== LISTED RECORDS ==
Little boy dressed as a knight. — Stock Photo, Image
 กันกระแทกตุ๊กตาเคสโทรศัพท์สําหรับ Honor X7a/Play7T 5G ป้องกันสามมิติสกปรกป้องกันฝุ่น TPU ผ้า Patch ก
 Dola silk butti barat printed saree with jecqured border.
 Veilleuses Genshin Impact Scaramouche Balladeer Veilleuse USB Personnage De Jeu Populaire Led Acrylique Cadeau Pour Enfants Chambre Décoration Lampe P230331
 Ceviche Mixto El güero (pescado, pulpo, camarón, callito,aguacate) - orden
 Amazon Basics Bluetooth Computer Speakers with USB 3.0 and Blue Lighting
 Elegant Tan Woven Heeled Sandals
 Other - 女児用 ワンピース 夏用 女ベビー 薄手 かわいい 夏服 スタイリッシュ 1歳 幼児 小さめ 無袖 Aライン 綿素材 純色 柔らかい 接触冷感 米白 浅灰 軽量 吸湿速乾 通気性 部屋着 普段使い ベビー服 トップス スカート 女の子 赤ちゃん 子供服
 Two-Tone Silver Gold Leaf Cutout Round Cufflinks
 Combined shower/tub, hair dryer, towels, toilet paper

== TASK OBJECTIVE ==
Starting from the line containing "Other - 女児用" and ending with the final line of the data, reproduce each line exactly as it appears, including no other lines.

== ANSWER TO THIS TASK ==
 Other - 女児用 ワンピース 夏用 女ベビー 薄手 かわいい 夏服 スタイリッシュ 1歳 幼児 小さめ 無袖 Aライン 綿素材 純色 柔らかい 接触冷感 米白 浅灰 軽量 吸湿速乾 通気性 部屋着 普段使い ベビー服 トップス スカート 女の子 赤ちゃん 子供服
 Two-Tone Silver Gold Leaf Cutout Round Cufflinks
 Combined shower/tub, hair dryer, towels, toilet paper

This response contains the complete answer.